Decir siempre la verdad es bueno para la
reputación y peligroso para una carrera. Mentir es un arte, y la vida
profesional un campo fértil para su cultivo.
Primero florece una mentirita, que es
percibida y aceptada como una metáfora. Todo el mundo sabe que la frase “Se me
pinchó la llanta” no siempre quiere decir exactamente eso. Y, si “Fui a un
velorio” fuese siempre cierto, Brasil ya estaría despoblado. Estas son
mentiritas inocentes que evitan explicaciones muchas veces embarazosas y, casi
siempre, inútiles.
Después viene la mentira útil.

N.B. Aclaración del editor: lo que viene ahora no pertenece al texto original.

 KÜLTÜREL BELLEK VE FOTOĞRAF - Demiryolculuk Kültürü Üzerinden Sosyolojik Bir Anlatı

Ella es usada
cuando decir la verdad no ayuda y puede atraparnos: “Bonita corbata jefe”, por
ejemplo. ¿Por qué no decir que aquellos diseños rojos sobre un fondo
amarillo-diarrea parecen amebas en celo? Cuando alguien me dice “Excelente memorando”,
yo me quedo aliviado porque sé que no existen memorandos excelentes: o son
prácticos o son confusos, nada más.
El siguiente nivel es el de la mentira
elaborada. Al contrario de sus antecesoras, esta tiene reglas:
_ La verdad es muy
complicada.
_ Nadie saldrá perjudicado._ La posibilidad de que la verdad salga a la luz es casi nula.

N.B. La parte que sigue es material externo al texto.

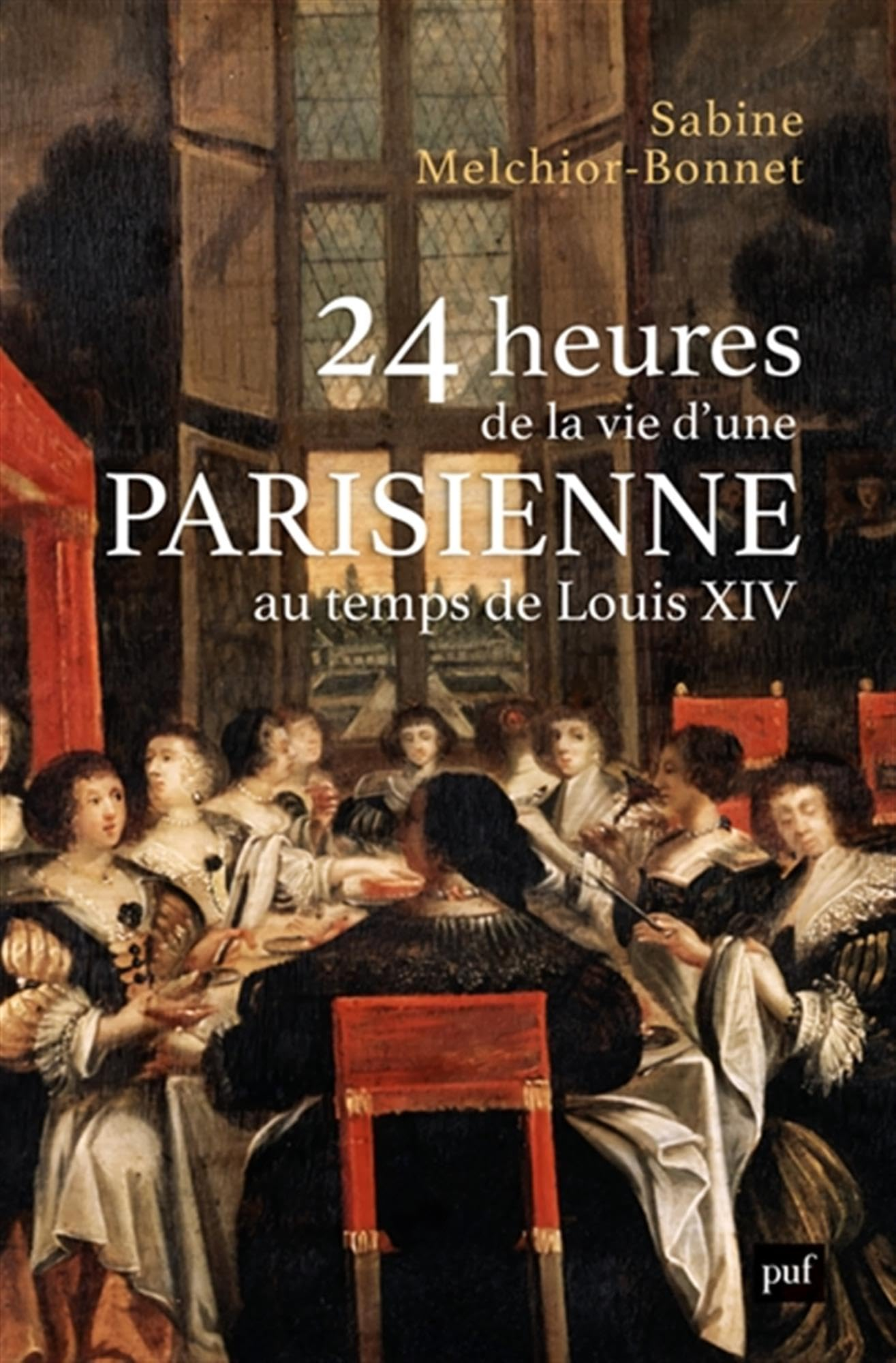 24 heures de la vie d'une Parisienne au temps de Louis XIV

La aplicación práctica: en la frase “estuve
en Fortaleza investigando el mercado”, el tramo “Estuve en Fortaleza” es
cierto. Ahora, “investigando el mercado” puede hasta tener una verdad
comprobada por coartadas burocráticas como facturas, boletas, cuentas de hotel
y restaurantes, pero lo que fue realmente “investigado” queda solo entre él,
ella y las dunas.
Eso sí: la peor de todas las mentiras es
aquella que es descubierta. Hace unos meses, participé de un interrogatorio que
me hacía recordar la Santa Inquisición. El reo era un colega de hace años, un
benefactor que hacía donaciones generosas a nombre de la empresa.

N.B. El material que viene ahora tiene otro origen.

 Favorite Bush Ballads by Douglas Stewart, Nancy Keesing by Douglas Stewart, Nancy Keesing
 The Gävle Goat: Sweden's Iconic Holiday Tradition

Solo que la limosna era mucha y el santo desconfió.
El beneficiario de tanta caridad parecía ser el propio caritativo.
Mi colega era de aquellos que jamás olvida la
regla número uno del arte de mentir: “Niegue”. En su caso, ya era una negación
de la realidad. Faltaba poco para que él sea tragado por el sistema y se
reencarne en uno de esos currículos que vagan por ahí, pero le quedaba la
compostura de los caraduras. Hace una semana, él me llamó. Había conseguido
construir una historia brillante, que explicaba todo, sin dejar ninguna cosa
suelta y quería mi ayuda para esclarecer los hechos de una vez por todas. ¿Yo?
De repente, me puedo convertir en cómplice. Al final, la vida profesional es
una caña de pescar, y sé en cual de los dos extremos quiero estar.